Brief descriptive captions:
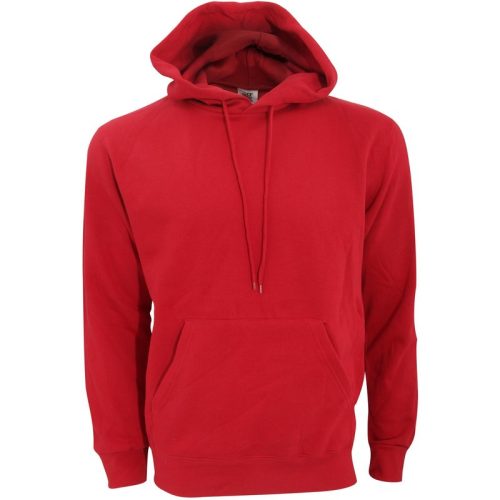 SG Heren gewone hooded sweatshirt top / hoodie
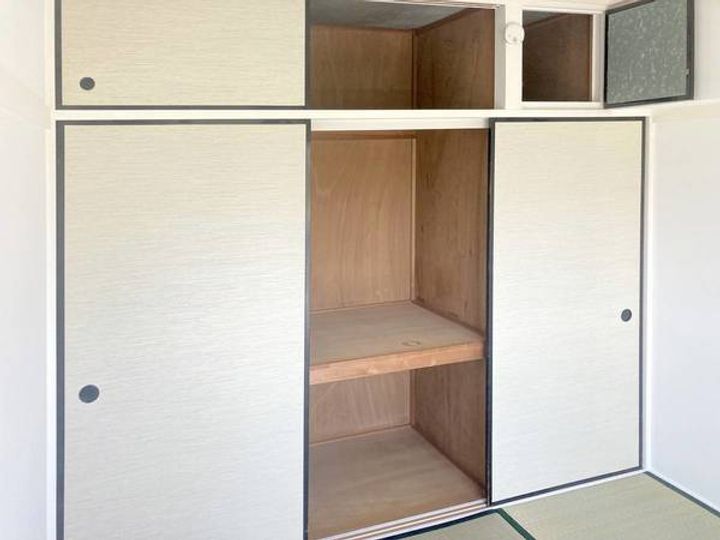 ビレッジハウス高萩2号棟0502の内装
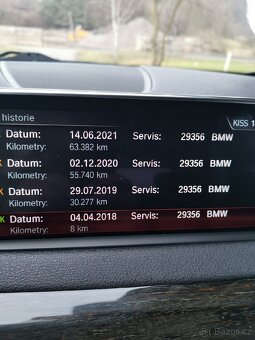 BMW X5M 50D, 2018, odpočet DPH, NOVÉ V CZ - 17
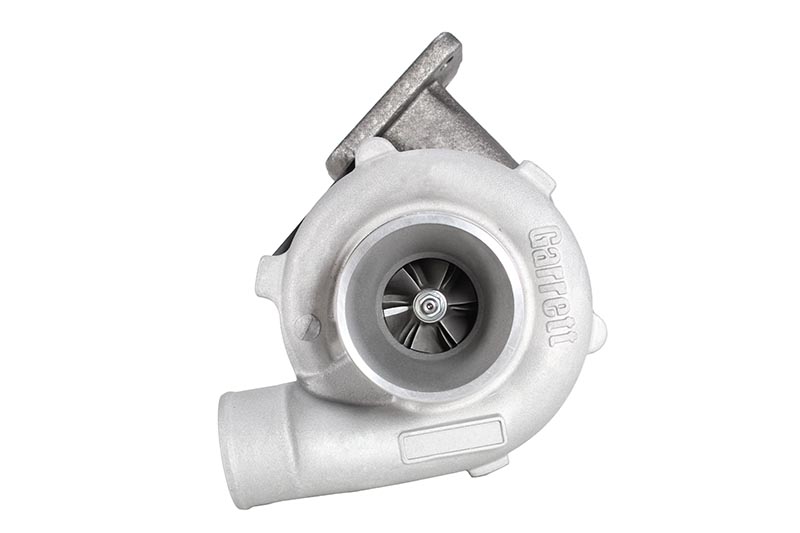 John Deere 4045, 4039 Garrett Turbocharger, New (RE26287) 4 John Deere 4045, 4039 Garrett Turbocharger, New (RE26287) - Image 4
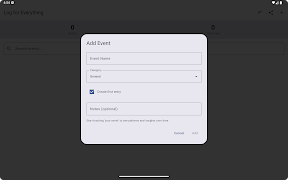Log for Everything screenshot 7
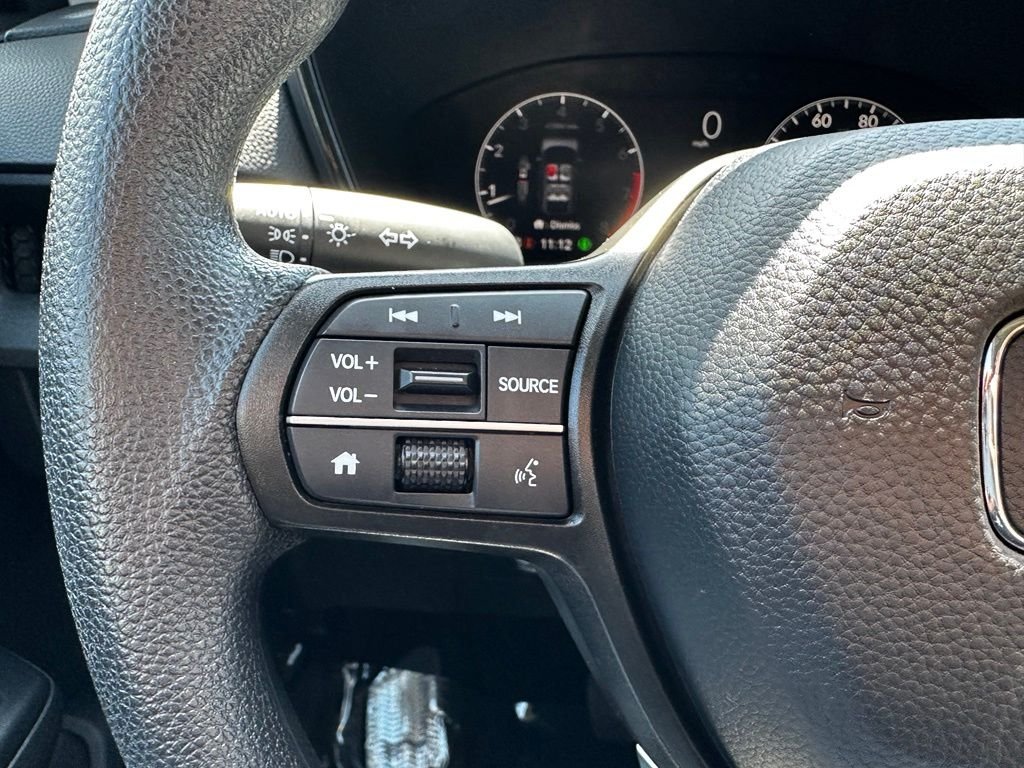 Used 2025 White Honda EX image 31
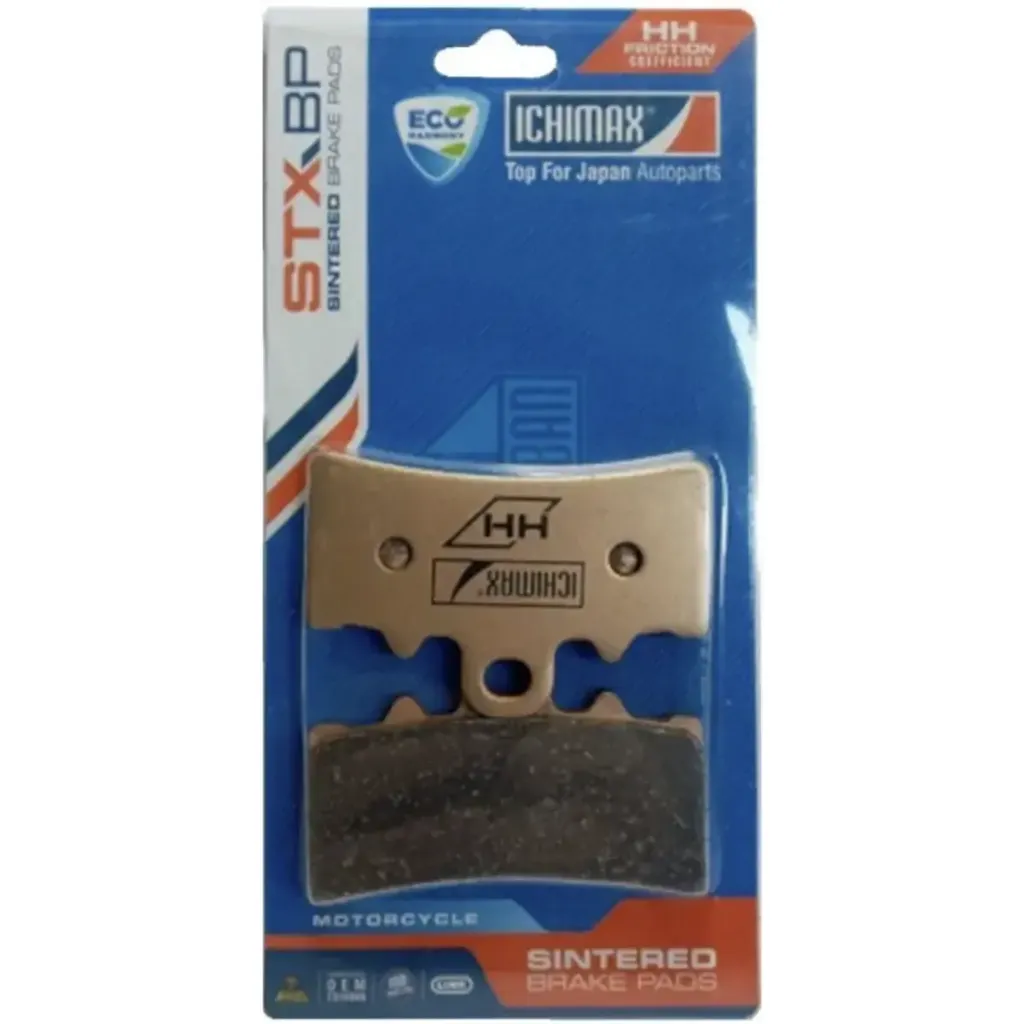 PASTILLA DELANTERA SINTERIZADA | ICHIMAX KTM DUKE 390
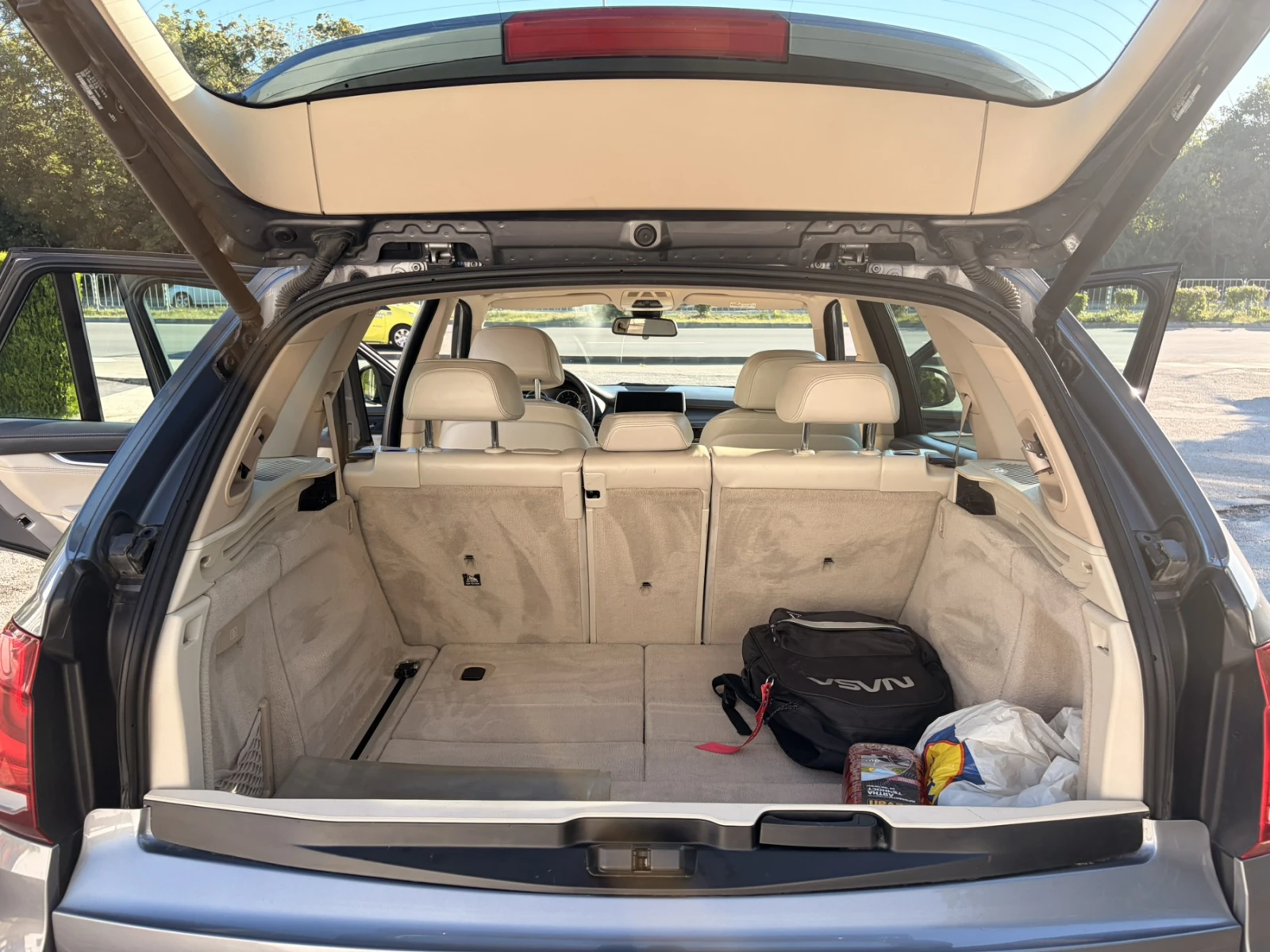 BMW X5 x Drive 3.0D, снимка 10 - Автомобили и джипове - 55691620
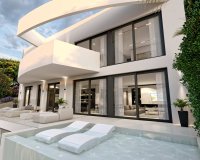 Obra nueva - Villa - Altea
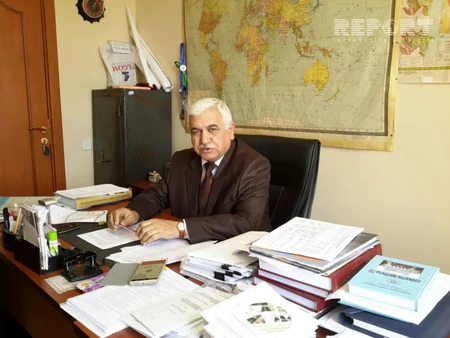 Coğrafiya İnstitutu: Bakıda yolların 1750 km-də yağış ötürücü kanalizasiya xətti yoxdur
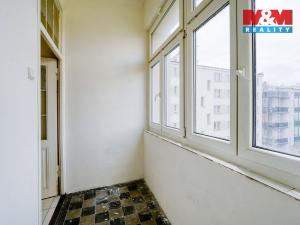 Prodej bytu 3+1, Plzeň - Jižní Předměstí, Klatovská třída, 100 m2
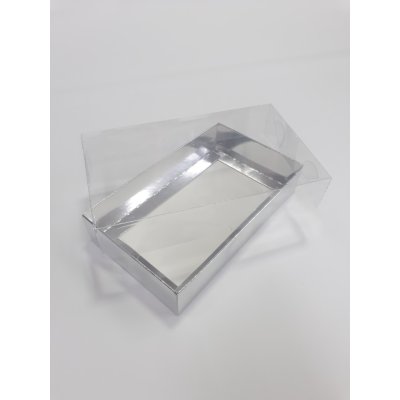 20x10x5 Gümüş Kutu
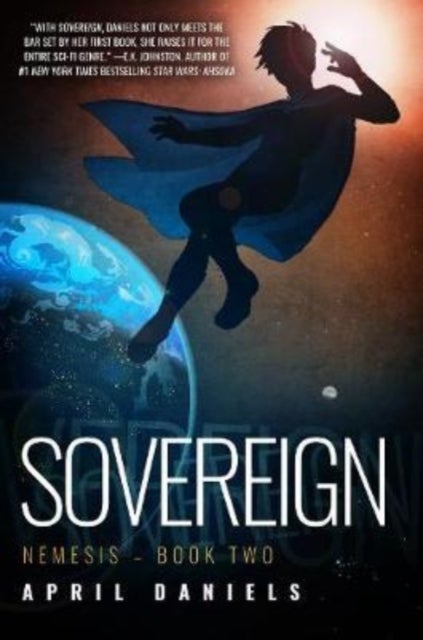 Sovereign - Nemesis - Book Two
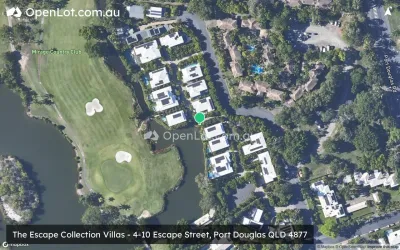 The Escape Collection Villas - 4-10 Escape Street, Port Douglas QLD 4877 - Port Douglas QLD 4877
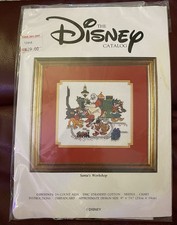 Disney Catalog Santa’s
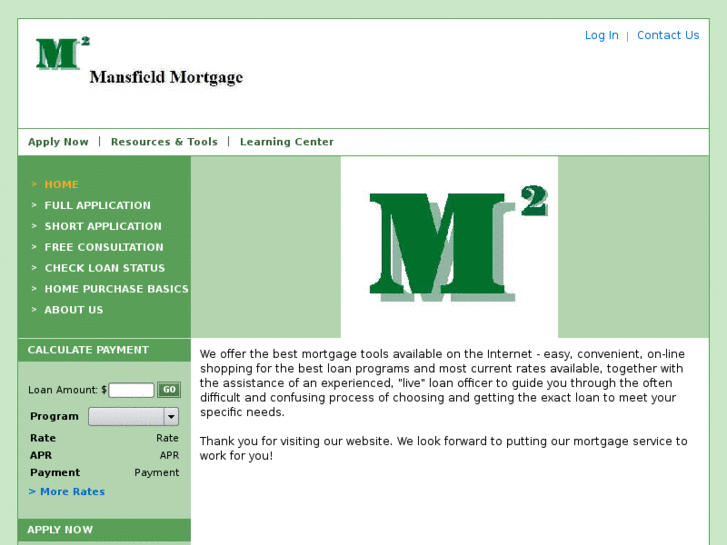 www.m2mortgage.com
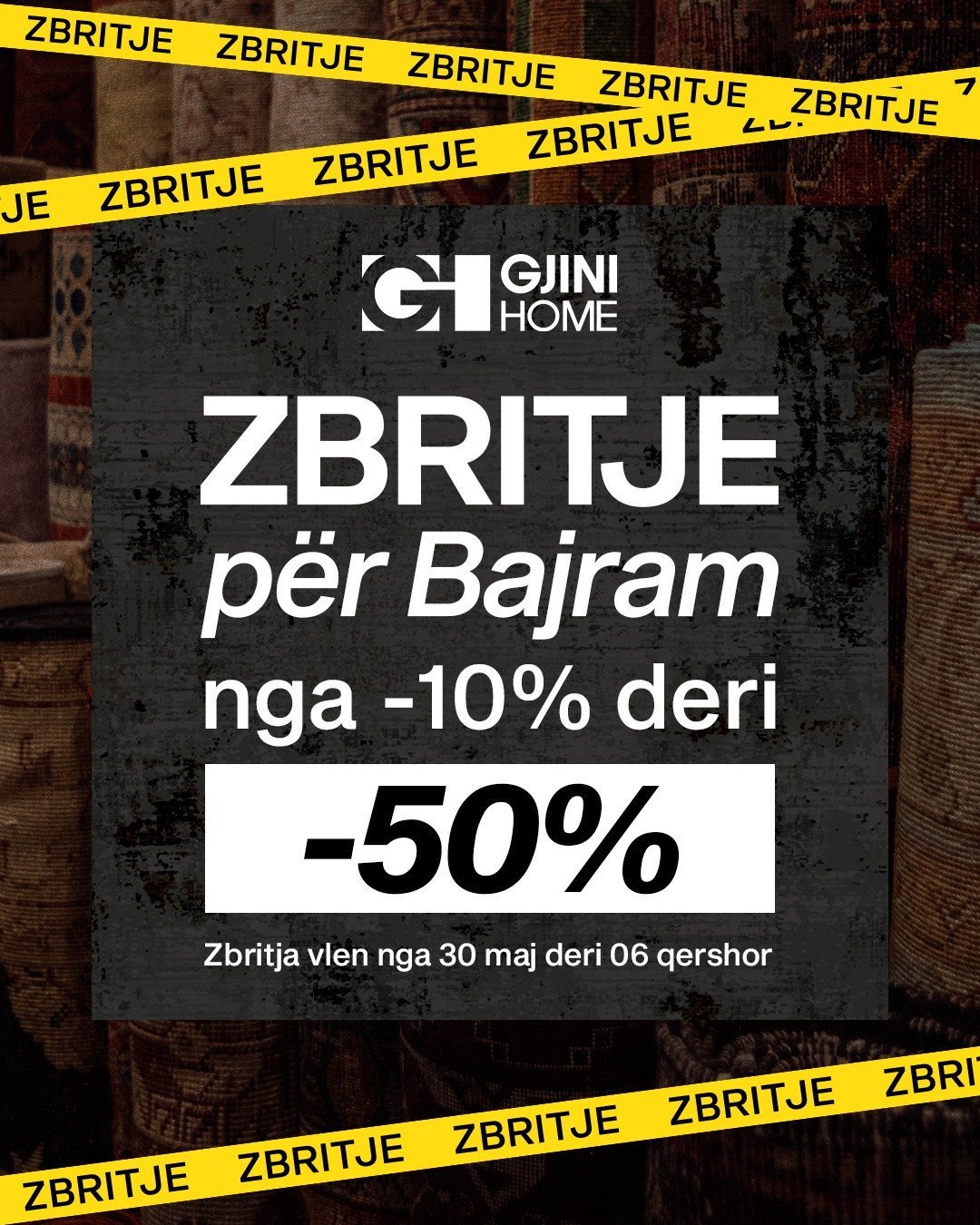 Bajrami vjen me stil dhe plot zbritje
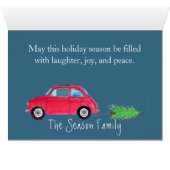 Fiat 500 dans la ville personnalisable (Intérieur Horizontal (Bas))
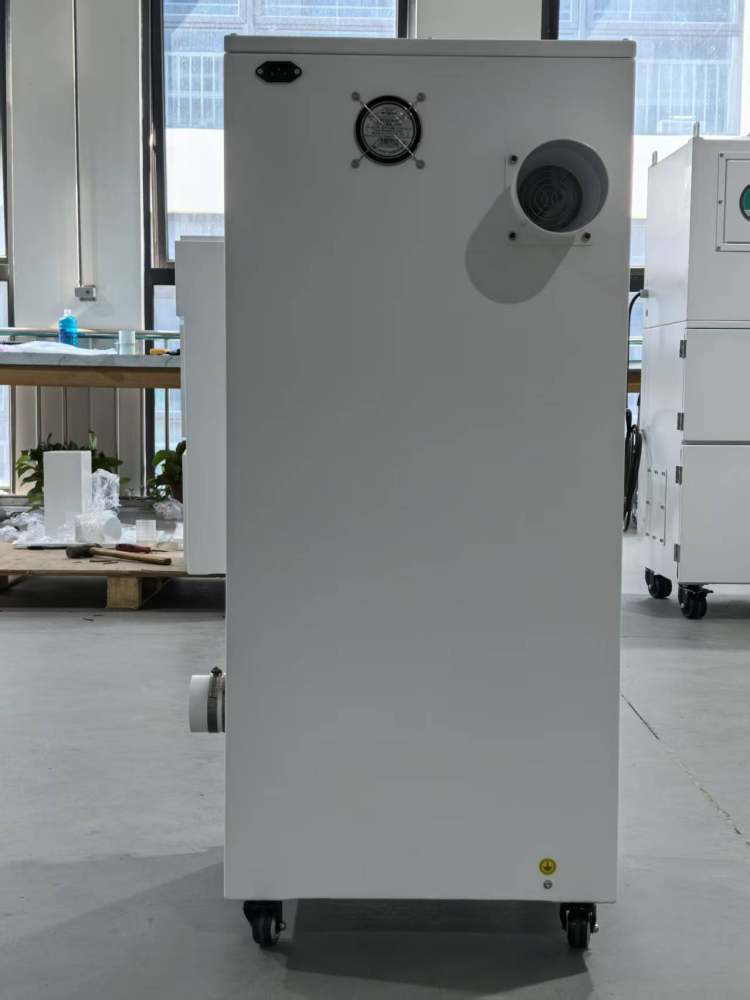 伊力特 PA-300TS-IQ烟雾净化器 工业烟雾处理 使用寿命长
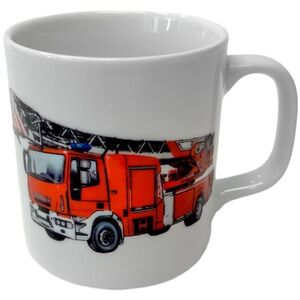 Genex bögre 220 ml Gaston TŰZOLTÓ, 1 darab, porcelán kép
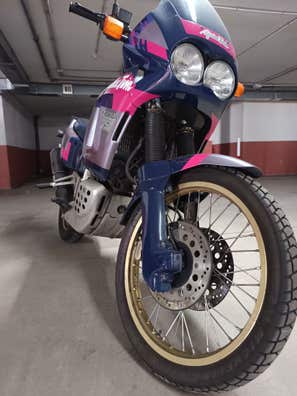 Honda - XRV 750 Africa Twin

## Task description
For this exercise, repeat word for word only the lines from the one containing "www.m2mortgage.com" through the end of the data, including both. Pictures do not go in the copy.

## Finished exercise
 www.m2mortgage.com
 Bajrami vjen me stil dhe plot zbritje
 Fiat 500 dans la ville personnalisable (Intérieur Horizontal (Bas))
 伊力特 PA-300TS-IQ烟雾净化器 工业烟雾处理 使用寿命长
 Genex bögre 220 ml Gaston TŰZOLTÓ, 1 darab, porcelán kép
 Honda - XRV 750 Africa Twin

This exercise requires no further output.